LeetCode 2083 - Substrings That Begin and End With the Same Letter

The problem asks us to count all substrings in a given string s that start and end with the same character. A substring is a contiguous sequence of characters, so the order and adjacency of characters matter.

LeetCode Problem 2083

Difficulty: 🟡 Medium
Topics: Hash Table, Math, String, Counting, Prefix Sum

Solution

Problem Understanding

The problem asks us to count all substrings in a given string s that start and end with the same character. A substring is a contiguous sequence of characters, so the order and adjacency of characters matter. The input s is a non-empty string consisting of lowercase English letters only, and its length can be as large as 10^5. The output is a single integer representing the number of substrings satisfying the "same start and end character" condition.

From the examples, we can see that all single-character substrings count because they trivially start and end with the same character. Substrings of length greater than one must be carefully counted by character frequency. The constraints guarantee that the string is never empty, so we do not need to handle an empty input case.

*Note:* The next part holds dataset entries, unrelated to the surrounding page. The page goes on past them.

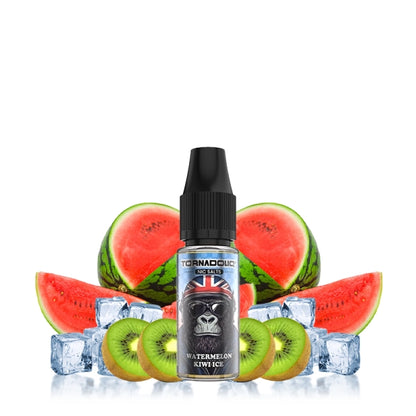 Watermelon Kiwi Ice New Flavor 10ml - Tornadoliq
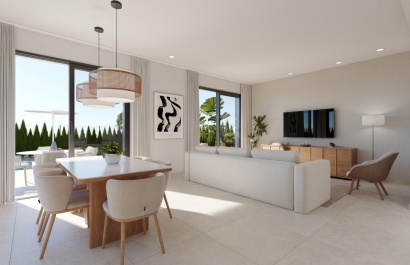 Nieuwbouw Woningen - Villa - Fuente Álamo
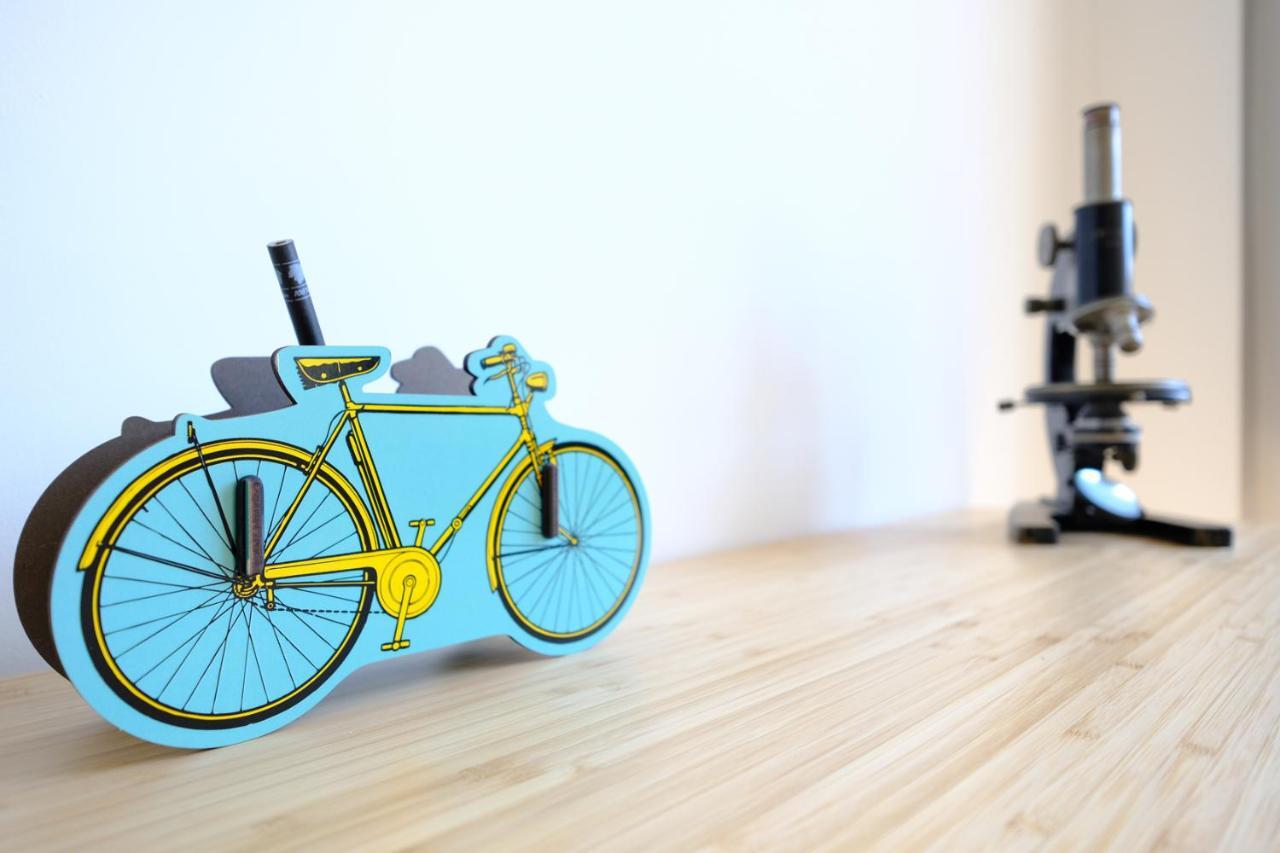 b3 - bike&bed bitterfeld Leilighet Eksteriør bilde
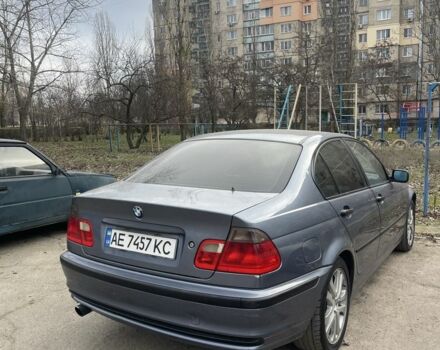 Синий БМВ 3 Серия, объемом двигателя 1.9 л и пробегом 220 тыс. км за 2400 $, фото 1 на Automoto.ua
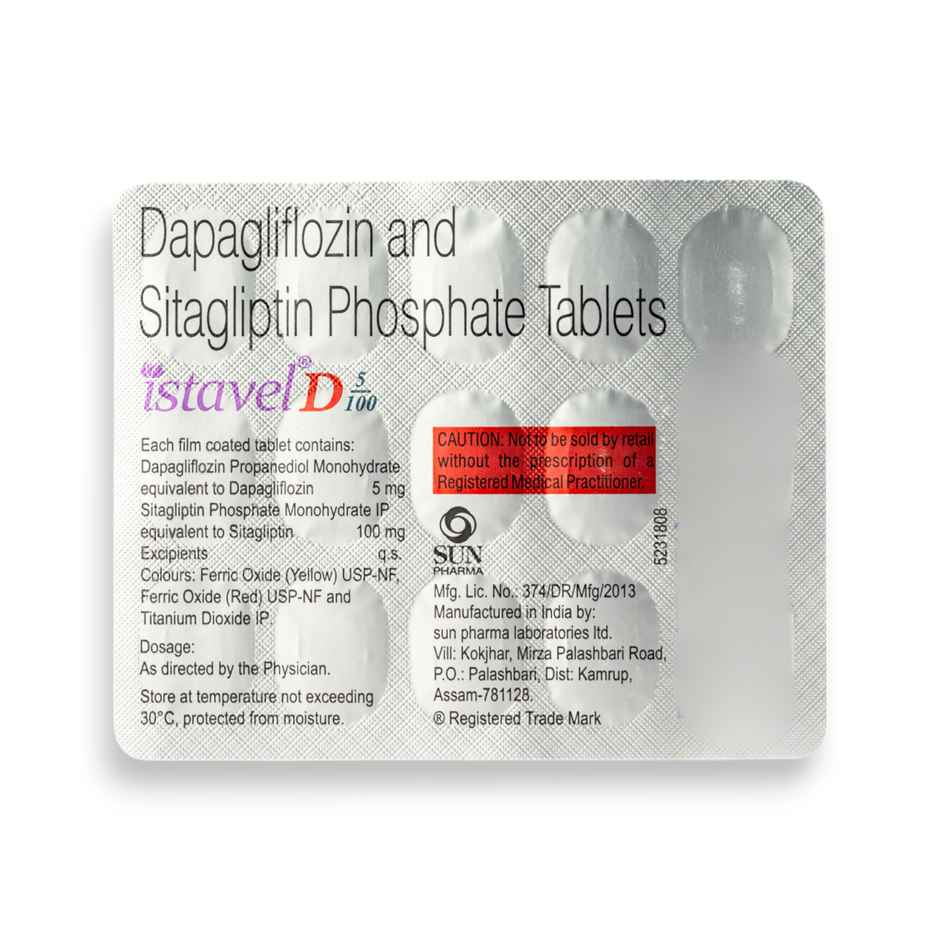 Istavel D 5/100 Tablet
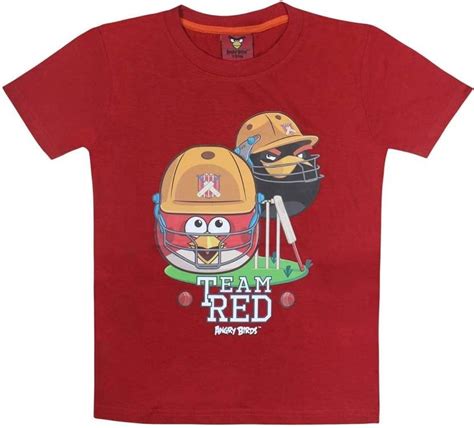 Buy Angry Birds Boys' T-Shirt at Amazon.in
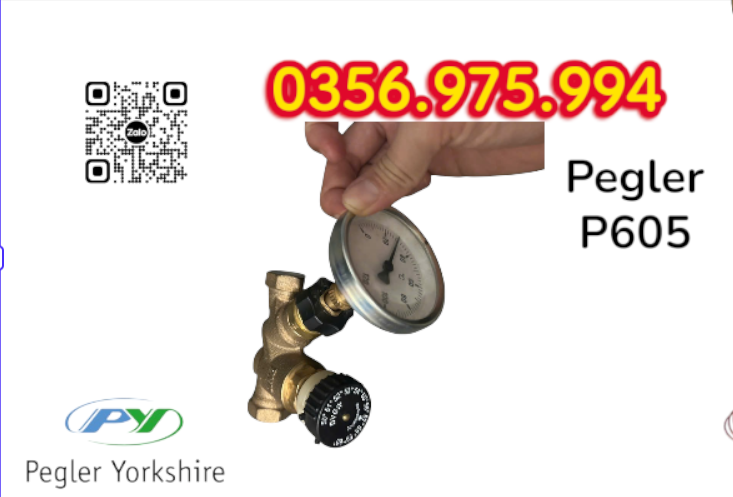 VAN CÂN BẰNG NHIỆT ÁP P605 PEGLER, VAN CÂN BẰNG NHIỆT ÁP PEGLER P605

Important edge cases include a string of length 1 (the simplest case), a string where all characters are the same (maximal number of substrings), and a string where all characters are unique (minimal number of substrings beyond length 1).

Approaches

The brute-force approach is straightforward: iterate over all possible substrings using two nested loops, and check if the first and last character of each substring are the same. This guarantees correctness because it explicitly examines every substring. However, the time complexity is O(n²) because there are roughly n*(n+1)/2 substrings in a string of length n, and this is too slow for n up to 10^5.

The optimal approach relies on a key observation: for any character c, if it appears k times in the string, the number of substrings that begin and end with c can be calculated combinatorially. Each occurrence can pair with itself (single-character substring) and with any other occurrence later in the string. This gives a formula k + k*(k-1)/2, which simplifies to k*(k+1)/2. Using a frequency counter to track the number of occurrences of each character allows us to compute the total in a single pass over the string.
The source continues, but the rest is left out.